A burgeoning pipeline of expensive biologic products, many of which target prevalent, chronic conditions, has set off alarm
bells in health plans across the country. Payers face great pressure from employers to rein in double-digit annual growth
in healthcare premiums, and specialty drugs (infusions and injectables), which represent the fastest growing and fifth largest
drug category, offer an attractive target for cost cutting.
To identify and track the key strategies that payers are using to gain greater control over their specialty pharmacy costs,
The Zitter Group conducts a semiannual quantitative survey of 100 medical and pharmacy decision makers in managed care organizations
(MCOs) about their use and management of biologic and injectable products. This article high-lights the survey's recent findings.
Rise of Specialty Pharmacies
Until recently, health plans relied on physicians to manage specialty pharmaceuticals. Under a buy-and-bill arrangement, physicians
managed drug selection, purchasing, inventory, and administration, leading to costs much greater than those for oral therapies.
Physicians could bill at a premium well above their acquisition costs—and often above average wholesale price (AWP)—resulting
in a steady and substantial revenue stream. In many cases, MD practices enjoyed greater purchasing power through manufacturers
than did the health plans. For pharma companies, the physician represented the primary sales target.

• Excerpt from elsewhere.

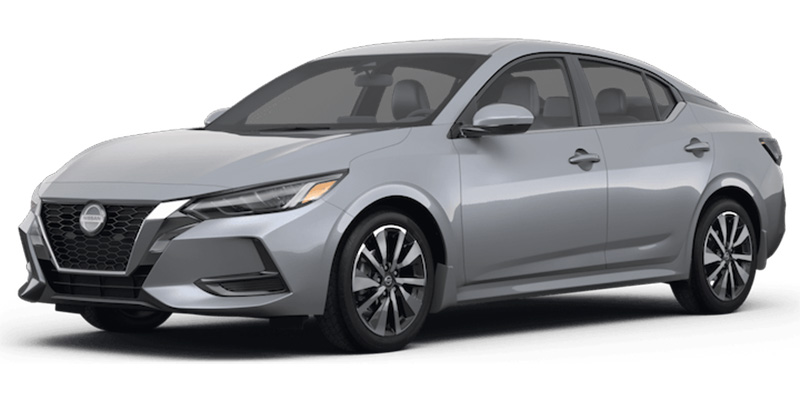 نيسان سنترا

For several relatively rare conditions (such as hemophilia) payers have long relied on specialty pharmacy providers (SPPs).
These organizations have generally combined direct-to-patient drug shipments with home nursing services in order to ensure
optimal care for the least prevalent conditions. Increasingly, payers have turned to their SPPs for more common conditions,
such as rheumatoid arthritis and multiple sclerosis.
Purchasing products through an SPP represents a considerable and easy cost savings for payers. Not surprisingly, 78 percent
of payers now use an SPP for some or all of their injectables, biologics, or oncology products. In the majority of these cases
(70 percent), the specialty pharmacy arrangement applies to both medical and pharmacy benefits. More than 95 percent of MCO
respondents indicated that they now expect to pay below AWP for drugs purchased through an SPP. Just under a third of plans
(31 percent) report requiring their affiliated or network physicians to obtain products through their designated SPP—or accept
a reduced payment.
 Specialty Pharmacies This graphic highlights the estimated costs, benefits, and oversight levels of various specialty pharmacy
providers compared with the traditional physician-reimbursement model.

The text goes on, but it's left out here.